Menswear group Moss Bros is to axe jobs after pre-tax losses widened to £3.3m over the six months to July 31 - but it said current trading was encouraging.
The group would not reveal how many of its 1,500 staff will go, but job losses are expected to number in the low tens and to focus on its head office and its distribution centre, which is moving from a seven-day to a five-day week.
The group recorded sales of £65.6m, a rise of 7.9% while pre-tax losses increased from £3m during the same period the year before. EBITDA dropped to £126m from £643m.
Moss Bros attributed the losses to a number of reasons including changes in the senior management team and two major store refits during which the stores were closed, losing £500,000 of trade.

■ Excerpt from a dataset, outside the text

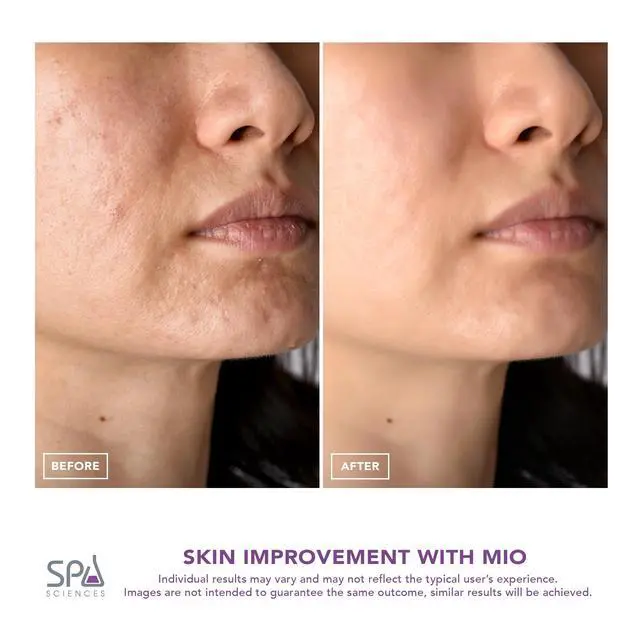 Alt view image 7 of 7 - Diamond Tip Microdermabrasion Blackhead Remover, Pore Cleansing, & Resurfacing System - Reduces Acne Scars, Wrinkles, and Exfoliates for Clearer Skin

Moss Bros chief executive officer Brian Brick said the company is reviewing its business operating model to help reduce the costs.
“Having made good progress on driving top line growth we are now turning our attention to costs and a comprehensive review of the cost base of the business is underway. This will help simplify the business operating model and provide resilience against potential impact of any reduction in consumer spending.”

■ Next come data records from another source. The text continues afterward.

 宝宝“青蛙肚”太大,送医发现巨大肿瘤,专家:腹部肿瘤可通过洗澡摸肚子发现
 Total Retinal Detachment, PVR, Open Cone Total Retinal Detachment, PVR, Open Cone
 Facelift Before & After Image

He added: “Whilst the early response to the autumn/winter range is positive, with like-for-like sales continuing to improve, we remain in a period with tough economic conditions and consumer uncertainty.
“With this in mind we are managing the business to reflect these conditions, ensuring we continue the momentum of the turnaround. We remain on track to meet the board’s expectations for the full year. ”
Like-for-like sales in the first half increased 11.6%. Gross margin dropped 0.5% to 55.5% in the first six months.
During the past six months the group has appointed Robin Piggott as finance director, replacing Michael Hitchcock. Debbie Hewitt was appointed chairman.
The group launched Moss Bespoke in May and is exploring ways to roll this out, including in other Moss Bros stores and with other retailers.